If you go with Mullvad look for the gift cards out there that are for 6 or 12 months of service. I grabbed one off Amazon.ca for 12 months at $75. Works out to be cheaper than paying per month with the ever changing exchange rates.
I also like the fact that Mullvad has servers in the city I live in where as Proton has them on the west coast or east coast. Not the greatest for those in the middle of the country.
How does one verify that a gift card bought from Amazon is legit?
Make sure it’s “Sold by Mullvad VPN” and “Shipped from Amazon”.

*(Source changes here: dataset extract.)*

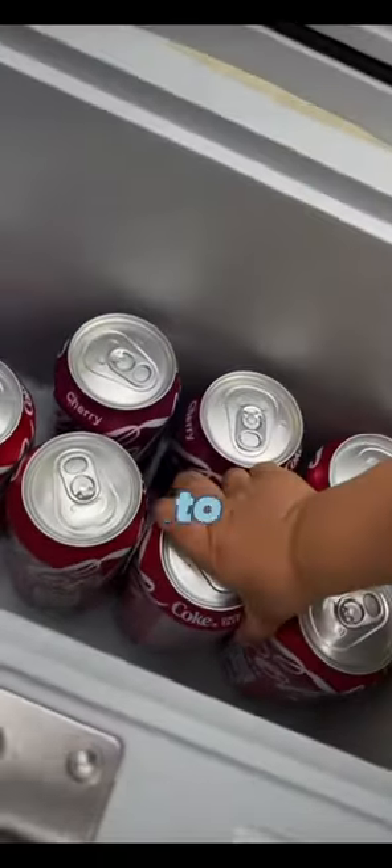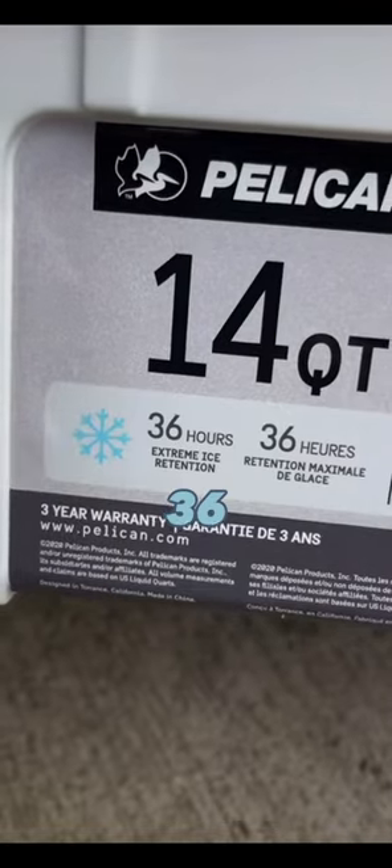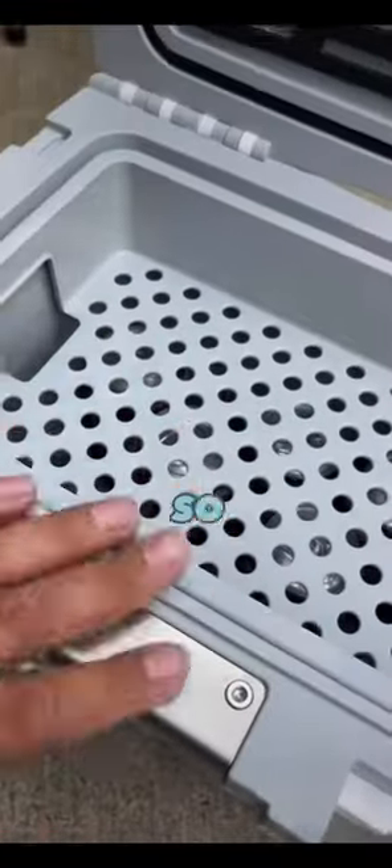And boom, we got enough space to fit eight sodas in here. It says the ice retention is 36 hours extreme ice retention. So that means in 36 hours you will still have ice. I'm pretty sure it'll last a lot longer than that where your drinks will stay cold.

https://www.amazon.ca/Mullvad-VPN-Devices-Protect-Security/dp/B092M5G1G7
Doxxing is a low skill level threat its very easy, google your target’s username and find information about them, yeah its that simple. All your user data is linked to your user name and profile picture. What i suggest doing is using the same tools doxxers use (sherlock) to find your long forgotten accounts and then delete them, remember to never use the same username and profile picture.
When a database leaks it will most likely contain your username, email and ip address, this information will be findable by username, email or ip address. If you ever use an account without a vpn using a vpn wont anonymize you from the service. Disable webrtc in your browser it often leaks ip addresses while using vpns also watch out for ip grabbers.
Tldr: dont use same usernames and profile pictures, vpn is 100% secure if used wrong.
There’d thundermail coming out soon, which will probably have mullvad included. This also funds firefox too which is nice.
Trackers are browser problem, get ublock origin. You can block trackers by changing your dns resolver i recommend Quad9 or adguard.
You don’t really get hacked unless you download and open files or your accounts get recovered by someone sending all your information to customer support pretending to be you.